“El esplendor estaba allí, en la Mesopotamia”
PLANETARIO
Manadas y tronos
MUCHO tiempo atrás el esplendor estaba allí, en la Mesopotamia, en los ríos míticos que dieron vida al Medio Oriente, a los imperios. También brillaban los ejércitos de Damasco, las tierras del roble, los fértiles campos y la navegación por el Mediterráneo, siempre prósperos fenicios, la Gran Siria.
Al otro extremo florecían califatos envidiables. El Magreb y el Sahel invitaban a soñar con el comercio, las caravanas y ciudades mágicas como Tumbuktú, llenando alforjas, toneles y porrones.
Siglos más tarde, a todos les absorbió la melancolía, las plagas les afligieron, la sequía les marchitaba.
En cambio, los tronos del Norte enriquecieron.

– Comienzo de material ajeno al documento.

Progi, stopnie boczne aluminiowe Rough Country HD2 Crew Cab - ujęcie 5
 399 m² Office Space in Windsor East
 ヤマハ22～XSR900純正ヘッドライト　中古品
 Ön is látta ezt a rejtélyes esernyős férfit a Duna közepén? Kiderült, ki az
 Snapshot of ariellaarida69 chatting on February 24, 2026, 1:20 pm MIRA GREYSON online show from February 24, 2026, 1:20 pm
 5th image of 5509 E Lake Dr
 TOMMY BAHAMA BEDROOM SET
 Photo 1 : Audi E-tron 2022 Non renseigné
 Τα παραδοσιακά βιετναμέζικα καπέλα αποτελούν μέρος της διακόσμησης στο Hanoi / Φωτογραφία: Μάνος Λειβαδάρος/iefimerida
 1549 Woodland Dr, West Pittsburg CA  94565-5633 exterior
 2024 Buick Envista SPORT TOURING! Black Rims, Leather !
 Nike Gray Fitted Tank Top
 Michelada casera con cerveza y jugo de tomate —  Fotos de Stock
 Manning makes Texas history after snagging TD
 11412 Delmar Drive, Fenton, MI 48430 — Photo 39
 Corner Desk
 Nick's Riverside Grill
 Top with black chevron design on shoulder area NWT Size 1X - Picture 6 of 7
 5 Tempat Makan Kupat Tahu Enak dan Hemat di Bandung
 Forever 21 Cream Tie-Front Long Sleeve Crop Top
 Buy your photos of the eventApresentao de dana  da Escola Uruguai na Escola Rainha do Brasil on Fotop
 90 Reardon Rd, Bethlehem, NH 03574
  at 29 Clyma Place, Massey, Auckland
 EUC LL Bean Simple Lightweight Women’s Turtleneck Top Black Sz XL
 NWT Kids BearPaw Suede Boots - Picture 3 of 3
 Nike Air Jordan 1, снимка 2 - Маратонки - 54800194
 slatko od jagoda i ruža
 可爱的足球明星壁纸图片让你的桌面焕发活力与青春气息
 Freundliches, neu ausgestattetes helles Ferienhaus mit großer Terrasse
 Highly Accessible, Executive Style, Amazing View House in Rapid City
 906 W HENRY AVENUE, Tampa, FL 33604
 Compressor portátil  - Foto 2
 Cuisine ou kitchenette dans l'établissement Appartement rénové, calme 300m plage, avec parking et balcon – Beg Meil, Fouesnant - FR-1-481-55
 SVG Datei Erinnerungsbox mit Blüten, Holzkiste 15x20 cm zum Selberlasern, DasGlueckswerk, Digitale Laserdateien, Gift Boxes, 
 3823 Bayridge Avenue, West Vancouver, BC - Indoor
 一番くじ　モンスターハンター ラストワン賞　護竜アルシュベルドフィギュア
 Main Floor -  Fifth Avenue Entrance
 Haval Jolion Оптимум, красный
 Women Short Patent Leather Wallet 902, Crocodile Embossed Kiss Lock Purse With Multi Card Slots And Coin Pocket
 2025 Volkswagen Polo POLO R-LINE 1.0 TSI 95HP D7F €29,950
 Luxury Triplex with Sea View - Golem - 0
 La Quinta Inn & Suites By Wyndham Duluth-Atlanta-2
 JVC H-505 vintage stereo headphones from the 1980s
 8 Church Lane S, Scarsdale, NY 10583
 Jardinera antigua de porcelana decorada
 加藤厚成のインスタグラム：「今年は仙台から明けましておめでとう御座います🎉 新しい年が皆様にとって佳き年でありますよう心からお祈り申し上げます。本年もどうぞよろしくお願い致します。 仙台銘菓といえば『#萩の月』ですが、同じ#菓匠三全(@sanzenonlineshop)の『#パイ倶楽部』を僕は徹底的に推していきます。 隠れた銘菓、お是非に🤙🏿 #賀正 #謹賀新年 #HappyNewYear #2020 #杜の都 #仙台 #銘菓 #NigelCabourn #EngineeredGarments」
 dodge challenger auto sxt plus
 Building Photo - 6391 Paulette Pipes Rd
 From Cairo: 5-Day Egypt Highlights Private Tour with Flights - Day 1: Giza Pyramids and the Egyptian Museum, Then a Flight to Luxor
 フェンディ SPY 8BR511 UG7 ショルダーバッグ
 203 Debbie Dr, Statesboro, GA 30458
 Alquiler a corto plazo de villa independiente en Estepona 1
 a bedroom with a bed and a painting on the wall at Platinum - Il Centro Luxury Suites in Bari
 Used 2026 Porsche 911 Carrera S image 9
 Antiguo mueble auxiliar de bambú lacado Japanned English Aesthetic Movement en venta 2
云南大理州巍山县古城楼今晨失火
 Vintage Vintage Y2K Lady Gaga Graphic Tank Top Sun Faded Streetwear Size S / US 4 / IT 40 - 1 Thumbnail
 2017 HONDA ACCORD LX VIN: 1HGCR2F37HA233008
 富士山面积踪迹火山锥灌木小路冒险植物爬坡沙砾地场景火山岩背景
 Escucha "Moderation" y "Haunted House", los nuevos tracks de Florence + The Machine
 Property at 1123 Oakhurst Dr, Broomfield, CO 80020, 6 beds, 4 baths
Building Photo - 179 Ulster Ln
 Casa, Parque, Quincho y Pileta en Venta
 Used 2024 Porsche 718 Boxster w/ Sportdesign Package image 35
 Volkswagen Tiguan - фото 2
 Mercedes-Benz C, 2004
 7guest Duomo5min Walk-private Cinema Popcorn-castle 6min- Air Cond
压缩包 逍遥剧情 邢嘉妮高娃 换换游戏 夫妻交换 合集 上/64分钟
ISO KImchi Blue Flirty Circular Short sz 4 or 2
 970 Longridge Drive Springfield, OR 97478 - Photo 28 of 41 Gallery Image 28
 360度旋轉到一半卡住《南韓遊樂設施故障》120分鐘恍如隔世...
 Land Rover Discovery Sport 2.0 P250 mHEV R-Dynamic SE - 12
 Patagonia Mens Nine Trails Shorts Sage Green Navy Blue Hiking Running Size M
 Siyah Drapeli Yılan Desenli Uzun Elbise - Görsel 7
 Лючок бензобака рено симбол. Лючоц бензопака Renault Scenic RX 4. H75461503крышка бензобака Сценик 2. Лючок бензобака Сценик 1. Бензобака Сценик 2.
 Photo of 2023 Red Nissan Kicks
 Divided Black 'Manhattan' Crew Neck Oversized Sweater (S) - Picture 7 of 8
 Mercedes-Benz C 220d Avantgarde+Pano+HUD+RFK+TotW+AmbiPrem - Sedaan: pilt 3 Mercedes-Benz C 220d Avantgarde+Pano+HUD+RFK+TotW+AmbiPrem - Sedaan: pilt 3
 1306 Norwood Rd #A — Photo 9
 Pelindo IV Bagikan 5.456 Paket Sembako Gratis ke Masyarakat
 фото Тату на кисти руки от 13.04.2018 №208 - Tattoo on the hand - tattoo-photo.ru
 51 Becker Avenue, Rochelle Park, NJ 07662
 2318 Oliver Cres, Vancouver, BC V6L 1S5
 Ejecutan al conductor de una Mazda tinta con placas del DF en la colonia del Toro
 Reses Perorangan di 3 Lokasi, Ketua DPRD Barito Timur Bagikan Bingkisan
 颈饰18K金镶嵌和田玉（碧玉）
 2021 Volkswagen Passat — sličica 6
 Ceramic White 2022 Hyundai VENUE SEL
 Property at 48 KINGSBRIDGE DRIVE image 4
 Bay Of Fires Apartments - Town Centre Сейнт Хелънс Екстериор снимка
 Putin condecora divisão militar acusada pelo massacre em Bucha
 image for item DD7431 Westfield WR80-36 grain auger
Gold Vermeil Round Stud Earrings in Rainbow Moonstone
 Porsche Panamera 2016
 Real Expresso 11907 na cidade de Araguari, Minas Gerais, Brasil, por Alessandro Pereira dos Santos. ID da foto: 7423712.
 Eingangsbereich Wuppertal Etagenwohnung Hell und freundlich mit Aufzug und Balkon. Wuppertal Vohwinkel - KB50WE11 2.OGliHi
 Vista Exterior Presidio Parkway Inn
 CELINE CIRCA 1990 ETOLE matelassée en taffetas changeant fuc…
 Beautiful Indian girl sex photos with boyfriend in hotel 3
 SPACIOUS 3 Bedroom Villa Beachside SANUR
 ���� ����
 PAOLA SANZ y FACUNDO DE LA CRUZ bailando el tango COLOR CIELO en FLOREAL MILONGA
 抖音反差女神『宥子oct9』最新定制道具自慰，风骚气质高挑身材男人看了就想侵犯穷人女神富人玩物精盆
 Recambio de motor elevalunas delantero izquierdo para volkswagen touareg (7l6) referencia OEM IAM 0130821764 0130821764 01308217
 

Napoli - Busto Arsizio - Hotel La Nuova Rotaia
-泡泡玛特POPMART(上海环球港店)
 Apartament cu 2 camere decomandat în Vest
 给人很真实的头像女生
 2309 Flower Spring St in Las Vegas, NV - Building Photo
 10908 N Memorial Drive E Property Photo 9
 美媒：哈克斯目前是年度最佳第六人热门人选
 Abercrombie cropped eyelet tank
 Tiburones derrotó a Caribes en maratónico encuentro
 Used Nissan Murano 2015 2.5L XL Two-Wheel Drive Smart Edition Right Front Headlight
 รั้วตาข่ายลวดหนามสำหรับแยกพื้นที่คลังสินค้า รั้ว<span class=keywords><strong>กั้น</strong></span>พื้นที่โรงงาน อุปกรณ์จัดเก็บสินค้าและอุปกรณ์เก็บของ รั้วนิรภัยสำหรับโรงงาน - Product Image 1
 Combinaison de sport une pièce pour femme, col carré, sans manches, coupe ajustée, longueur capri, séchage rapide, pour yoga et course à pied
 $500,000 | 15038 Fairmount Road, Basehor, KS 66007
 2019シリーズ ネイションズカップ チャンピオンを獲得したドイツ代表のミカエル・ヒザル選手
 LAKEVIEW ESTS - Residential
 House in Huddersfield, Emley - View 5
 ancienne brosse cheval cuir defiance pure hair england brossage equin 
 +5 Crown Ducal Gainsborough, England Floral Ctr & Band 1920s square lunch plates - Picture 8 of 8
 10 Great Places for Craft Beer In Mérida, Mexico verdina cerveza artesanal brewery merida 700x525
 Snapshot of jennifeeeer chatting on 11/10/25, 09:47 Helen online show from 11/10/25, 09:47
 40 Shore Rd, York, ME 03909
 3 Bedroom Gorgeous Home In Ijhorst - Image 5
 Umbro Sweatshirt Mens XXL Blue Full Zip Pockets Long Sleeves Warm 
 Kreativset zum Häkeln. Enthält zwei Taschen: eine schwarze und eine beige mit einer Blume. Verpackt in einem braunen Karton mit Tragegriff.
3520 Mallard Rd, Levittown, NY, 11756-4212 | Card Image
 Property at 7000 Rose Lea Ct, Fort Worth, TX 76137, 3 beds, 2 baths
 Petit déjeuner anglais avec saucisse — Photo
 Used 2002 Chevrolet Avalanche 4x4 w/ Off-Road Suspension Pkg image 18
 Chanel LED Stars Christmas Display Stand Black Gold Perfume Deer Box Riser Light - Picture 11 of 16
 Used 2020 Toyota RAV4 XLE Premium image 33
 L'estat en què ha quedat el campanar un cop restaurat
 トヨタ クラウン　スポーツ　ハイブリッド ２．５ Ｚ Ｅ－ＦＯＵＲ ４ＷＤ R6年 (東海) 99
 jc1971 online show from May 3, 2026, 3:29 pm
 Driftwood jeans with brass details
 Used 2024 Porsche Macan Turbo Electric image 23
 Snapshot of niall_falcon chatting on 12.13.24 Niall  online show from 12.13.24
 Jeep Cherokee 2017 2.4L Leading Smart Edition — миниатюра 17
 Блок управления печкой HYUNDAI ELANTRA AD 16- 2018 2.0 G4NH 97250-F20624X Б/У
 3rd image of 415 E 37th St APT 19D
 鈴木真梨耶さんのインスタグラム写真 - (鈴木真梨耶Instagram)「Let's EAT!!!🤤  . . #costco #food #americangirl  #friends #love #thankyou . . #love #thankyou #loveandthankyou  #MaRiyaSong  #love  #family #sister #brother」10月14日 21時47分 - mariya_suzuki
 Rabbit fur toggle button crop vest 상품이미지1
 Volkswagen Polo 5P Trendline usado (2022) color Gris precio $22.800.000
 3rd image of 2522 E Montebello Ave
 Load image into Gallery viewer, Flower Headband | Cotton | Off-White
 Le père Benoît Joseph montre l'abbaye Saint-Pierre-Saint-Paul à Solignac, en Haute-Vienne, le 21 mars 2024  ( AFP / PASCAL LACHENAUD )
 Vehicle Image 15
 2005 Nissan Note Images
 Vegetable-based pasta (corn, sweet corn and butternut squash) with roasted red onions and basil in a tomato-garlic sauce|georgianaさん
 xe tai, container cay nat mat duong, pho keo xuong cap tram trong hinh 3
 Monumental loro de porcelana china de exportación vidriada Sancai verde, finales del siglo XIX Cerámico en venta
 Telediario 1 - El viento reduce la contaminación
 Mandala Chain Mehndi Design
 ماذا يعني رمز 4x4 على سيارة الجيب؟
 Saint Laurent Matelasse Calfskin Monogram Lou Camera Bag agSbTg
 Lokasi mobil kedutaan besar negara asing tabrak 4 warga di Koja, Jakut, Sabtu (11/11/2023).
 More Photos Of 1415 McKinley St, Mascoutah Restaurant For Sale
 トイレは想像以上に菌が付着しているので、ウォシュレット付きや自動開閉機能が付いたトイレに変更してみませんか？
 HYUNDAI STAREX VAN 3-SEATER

Al otro lado del Mar de las maravillas se erigieron castillos y palacios, se forjaron cadenas industriales, se creaba el conocimiento y los ejércitos alcanzaron las capacidades más complejas.
Miles de perseguidos marchaban por la antigua ruta de la seda y las especias hacia el Oeste de Estambul, bordeaban el Adriático, y se estrellaban con las barricadas en los Urales o en los Alpes.
Otros tantos, privados de agua y de bocado, con sus críos moribundos, empezaron peregrinajes extenuantes hasta la orilla del gran lago y a 40 grados en el día y 20 bajo cero cada noche, avanzaban por el desierto hasta el Reino de Marruecos y se estacionaban en los montes cercanos a las dos ciudades de la corona española en territorio africano.
Amuralladas y vigiladas, Ceuta y Melilla se convirtieron en el símbolo de la frustración y la esperanza, tal como sucedía con Lampedusa, la isla de las delicias, que resumía en sí misma la ilusión de llegar a la antigua Roma, a Nápoles o a Génova.
Muchos de ellos acamparon a la espera de sobrepasar los muros, saltar a las penínsulas del Norte y gozar de los bienes, tentaciones y oportunidades siempre ajenas y negadas.
Centenares de ellos lo lograron. Entonces, la liga de los tronos europeos lanzó decenas de fragatas para cerrar el paso a las pateras que pretendían llegar hasta sus costas. Y los caballeros de la Britania acudieron con sus tropas a cerrar el paso en el túnel de Calais.
Fue entonces cuando el primer ministro anglosajón lanzó la sentencia suprema: “¡estas manadas de inmigrantes no llegarán a nuestro reino!”.
Las tropas aguardaban en la boca del túnel. Y el enjambre de subsaharianos también, frente a frente, en campamentos miserables, a la espera de que, tarde o temprano, comenzara la batalla madre de todas las batallas.